The digital prototype consisted of the electronic implementation of the components of the paper prototype. During the creation of the course, we had the opportunity to use a pilot version of Canvas (via Purdue IT). Within the Canvas sandbox, we created the full working eLearning modules. We designed the modules in a way that it would be accessible and useable for any learners with the appropriate entry skills. As part of the project, we used a formative evaluation process utilizing several individual evaluators. After the evaluation process, we applied the feedback gathered from the individuals to address the needs of the diverse target population more effectively. In most cases, the changes included rewording for better understanding and fixing typos. This whole process incorporated all sub-competencies for applying computer-based technologies and media to the solution of instructional problems. The entire project was an extremely beneficial exercise to practice designing the best artifact possible.
Applies technology to facilitate a variety of effective assessment and evaluation strategies
Artifact: EDCI 577 Strategic Assessment and Evaluation
For EDCI 577, I was required to research and plan an evaluation strategy for an intervention called the “Knowledge Boost Online Training: Instructional Product and Evaluation Plan”. I created a summative evaluation plan and the necessary assessment tools for the evaluation. This was accompanied by a design proposal and rationale for my choices and recommendations. For this project, I performed a needs assessment for the Knowledge Boost which is a system that provides training content to users via a paid subscription-based service. In this particular situation, the primary objective of the evaluation was to measure the effectiveness of the training courses, and the overall training platform in order to ensure 100% of Knowledge Boost learners can successfully use the tool to improve customer retention and satisfaction. In order to properly evaluate, I provided the following:
- Executive Summary
- Evaluation Goals and Scope
- Evaluation Process
- Data Collection and Analysis
- Evaluation Project Plan and Timeline
- Sample Evaluation Instruments
The whole process and project was planned and designed using effective learning environments and experiences supported by the technology of Knowledge Boost. In addition, I applied the use of the Knowledge Boost technology to facilitate a variety of effective assessment and evaluation strategies.
Demonstrates understanding of social, ethical, legal, and human issues surrounding the use of technology and applies it in practice
As I stated in my original definition, educational technology is “the practical use of educational science to facilitate learning experiences”. As such, I really enjoyed learning about new technologies, tools and ways to use them to create engaging learning experiences.
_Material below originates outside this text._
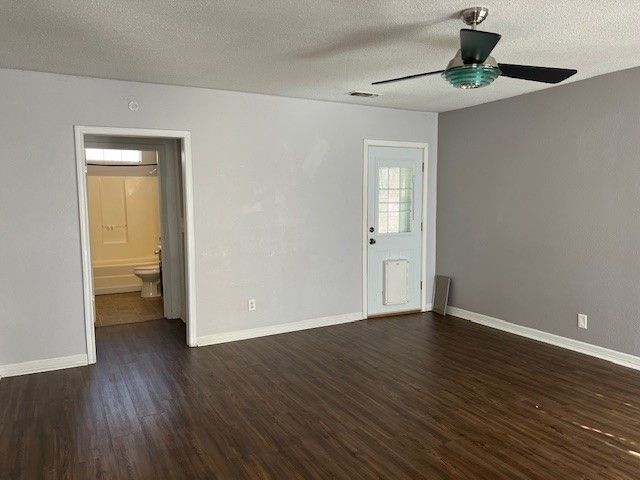 2513 W Walker Street, Denison, TX 75020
During this program, I have explored new software and been exposed to many resources and hope to continue to learn how to use all of them. However, through these projects, I have come to fully understand the importance of designing for diverse learners, copyright issues, plagiarism, digital divide, and accessibility needs. Working with corporations and legal firms, I have had to consider many legal and ethical issues over the years. I have an advantage over others who have had no exposure or practice in these fields. This experience has created an awareness and sensitivity to privacy and securities issues associated with technology.
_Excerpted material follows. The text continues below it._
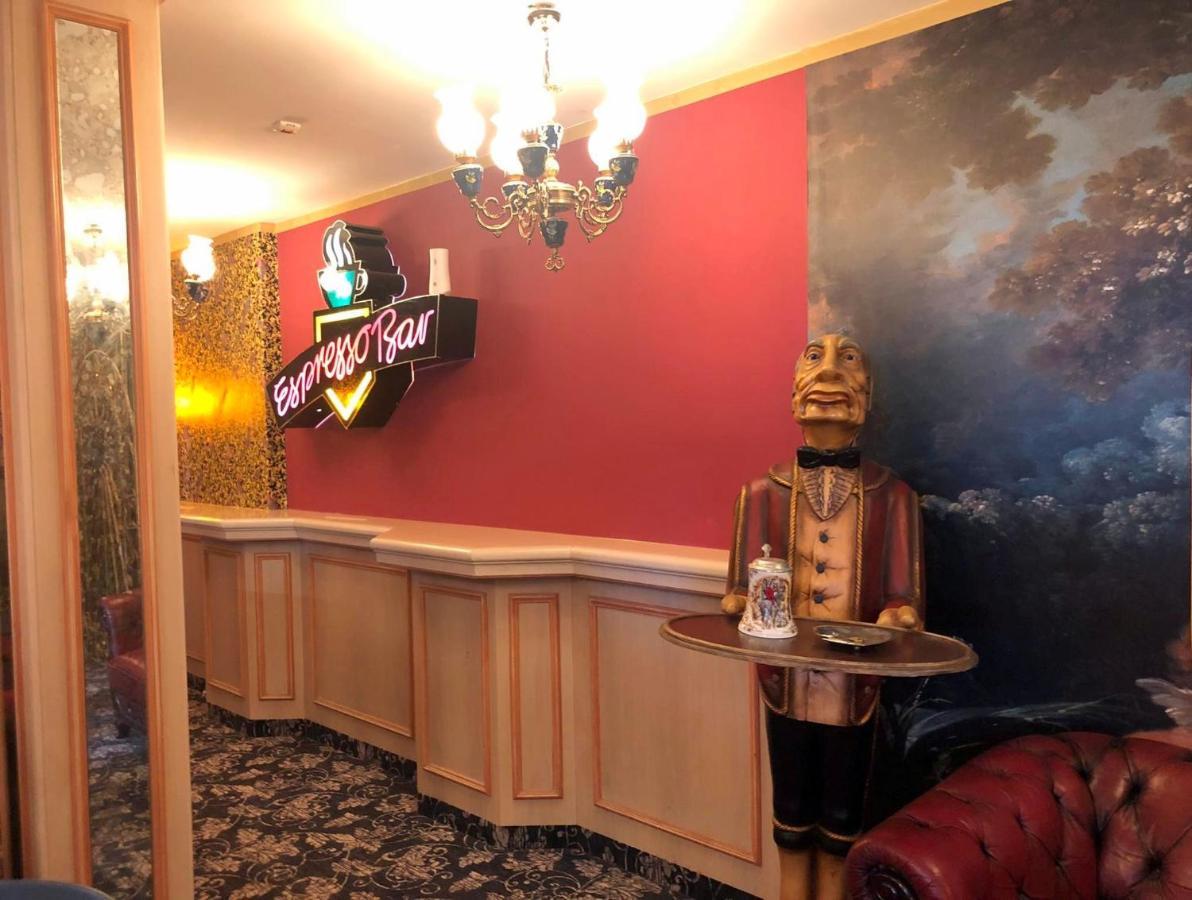 Hotel Eulenspiegel - Das Erlebnishotel In Риза Екстериор снимка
I am very much an advocate of technology for instructional design and being technologically relevant. So, when it comes to learning and education, I am very adamant about technology not being used for the sake of technology but for the needs of the audience and the best tool for the job. This means that we must keep an open mind and understand that the proper tool for the job could be anything from an iPad, a job aid or participating socially in a community of practice! Therefore, a good LDT professional or instructional designer will understand the social, ethical, legal, and human issues surrounding the use of technology and how to apply it appropriately.
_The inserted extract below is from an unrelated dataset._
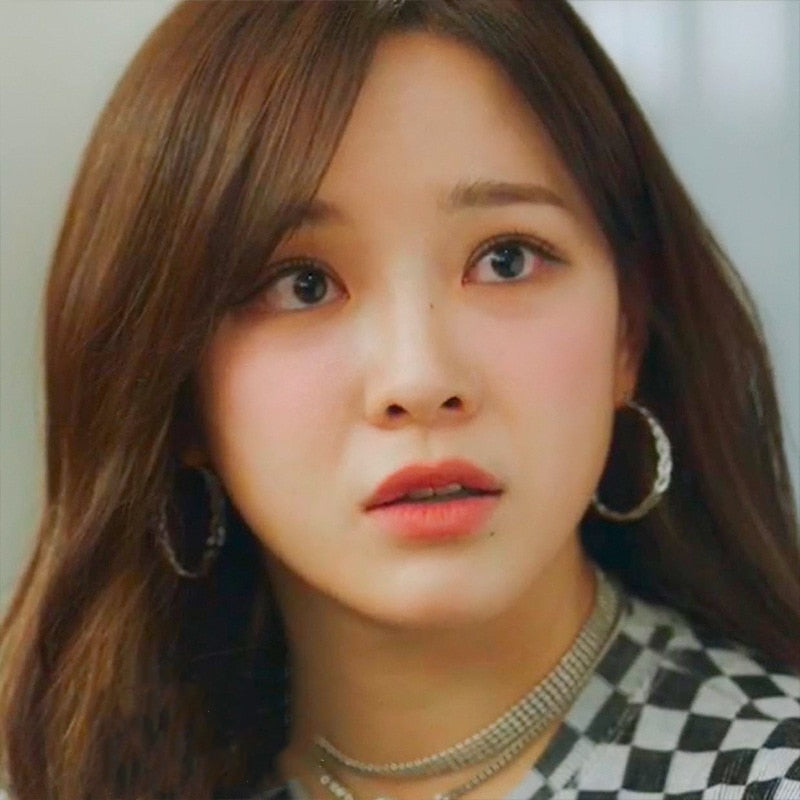Pleated Hoop Earrings Kim Se Jeong Business Proposal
Applications of technology in practice: Competency 7 and 8 are the best examples to demonstrate my understanding of identifying issues and presenting solutions surrounding the use of technology (which is why I would lead with them). Prior to this program, I had not formally analyzed situations and scenarios like we learned to do in this program. Not to say that I didn’t understand how to do a needs assessment, identify goals and objectives properly but I did not know how to fully conduct this from start to finish considering all potential issues. Achieving and mastering a systematic pathway to assess and design instruction is incredibly valuable for LDT professionals (such as myself) and instructional designers.